OCC Releases New Guidance Regarding the Servicemembers Civil Relief Act. On October 24, the Office of the Comptroller of the Currency (OCC) released OCC Bulletin 2008-30, a bulletin providing general information about the Servicemembers Civil Relief Act (SCRA). The bulletin reminds national banks that the SCRA, which limits the rights and remedies available to creditors when dealing with members of the armed services and, in some cases, their dependents, requires creditors to forgive any interest in excess of 6% per year on any obligation or liability that a servicemember incurred prior to entering into military service. Creditors must maintain this rate reduction for the servicemember’s entire military career and, in the case of mortgages and similar obligations, for an additional year after the end of service. Additionally, the bulletin reminds banks of other provisions of the SCRA, including, (i) for mortgages and other similar obligations entered into by a servicemember before military service, creditors cannot initiate foreclosure proceedings until nine months after the end of military service, (ii) creditors cannot terminate any installment contract entered into before or during military service, (iii) creditors may not repossess any property under an installment contract or lease by a servicemember without a court order, (iv) servicemembers may terminate residential and commercial vehicle leases if he or she entered into military service after executing the lease, or executed the lease while in military service but subsequently received orders for a permanent change of station. Servicemembers may waive many of their rights under the SCRA in writing during or after service. For a copy of the bulletin, please see http://www.occ.gov/ftp/bulletin/2008-30.html.
Ginnie Mae Announces New Procedures for Monitoring Loan Data Submitted by Issuers. On October 28, the Government National Mortgage Association (Ginnie Mae) announced a new review process and electronic notice system to ensure that all Ginnie Mae mortgages are insured or guaranteed. Currently issuers report only loan level data to Ginnie Mae. That data is then compared to corresponding data provided by the Federal Housing Administration (FHA), the Department of Veterans Affairs, or the USDA Rural Development. Under the newly-announced system, mortgages with non-matching information will be issued monthly notifications via the Ginnie Mae e-Access website.

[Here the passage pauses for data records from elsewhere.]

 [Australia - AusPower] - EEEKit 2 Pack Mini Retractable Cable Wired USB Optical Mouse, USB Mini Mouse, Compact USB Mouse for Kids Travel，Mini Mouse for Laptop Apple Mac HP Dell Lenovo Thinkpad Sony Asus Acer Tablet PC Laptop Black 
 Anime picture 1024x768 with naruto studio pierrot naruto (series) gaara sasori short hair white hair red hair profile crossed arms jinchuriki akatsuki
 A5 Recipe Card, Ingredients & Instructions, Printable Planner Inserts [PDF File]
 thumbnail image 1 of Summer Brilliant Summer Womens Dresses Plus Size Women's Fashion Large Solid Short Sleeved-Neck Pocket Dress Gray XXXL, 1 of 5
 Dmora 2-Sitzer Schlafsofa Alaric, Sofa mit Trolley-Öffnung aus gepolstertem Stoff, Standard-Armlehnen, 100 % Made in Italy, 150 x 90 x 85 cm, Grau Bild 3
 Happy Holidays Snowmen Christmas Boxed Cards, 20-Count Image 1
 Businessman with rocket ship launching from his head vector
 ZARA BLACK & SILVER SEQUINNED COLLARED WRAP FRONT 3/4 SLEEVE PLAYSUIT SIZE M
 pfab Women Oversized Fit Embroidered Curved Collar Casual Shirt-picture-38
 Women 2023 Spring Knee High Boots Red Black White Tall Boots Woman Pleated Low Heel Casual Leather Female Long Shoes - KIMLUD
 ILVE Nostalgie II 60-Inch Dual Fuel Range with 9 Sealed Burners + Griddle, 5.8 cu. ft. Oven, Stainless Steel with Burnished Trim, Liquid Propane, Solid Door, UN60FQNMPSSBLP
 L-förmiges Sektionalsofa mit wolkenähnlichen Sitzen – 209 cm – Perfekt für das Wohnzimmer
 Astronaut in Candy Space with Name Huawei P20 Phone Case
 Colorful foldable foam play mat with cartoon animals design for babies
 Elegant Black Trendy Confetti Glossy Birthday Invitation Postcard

Issuers will be responsible for monitoring and promptly resolving such data errors. Newly-originated pools of FHA mortgages will be reviewed monthly for non-matching loans in these pools, while evaluations of mortgages older than six months will not begin until December 2008. Beginning November 2008, Ginnie Mae will evaluate loans in pools that appear “terminated,” a designation for loans that are likely uninsured or have serious data errors. For a copy of the announcement, please see http://www.ginniemae.gov/apm/apm_pdf/08-21.pdf.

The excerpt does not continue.